Segment Start: PROVIDED RECORDS
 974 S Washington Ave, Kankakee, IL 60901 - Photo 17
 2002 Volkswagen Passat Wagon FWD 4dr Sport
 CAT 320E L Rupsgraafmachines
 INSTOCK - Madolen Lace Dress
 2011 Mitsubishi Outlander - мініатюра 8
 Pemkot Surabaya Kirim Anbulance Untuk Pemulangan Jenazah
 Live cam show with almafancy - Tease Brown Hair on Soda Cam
Segment End: PROVIDED RECORDS
* **WORK ITEM**
The final stretch of the listing, from the line containing "INSTOCK - Madolen Lace Dress" through its last line, both included, is to be output exactly and by itself.

* **EXERCISE ANSWER**
 INSTOCK - Madolen Lace Dress
 2011 Mitsubishi Outlander - мініатюра 8
 Pemkot Surabaya Kirim Anbulance Untuk Pemulangan Jenazah
 Live cam show with almafancy - Tease Brown Hair on Soda Cam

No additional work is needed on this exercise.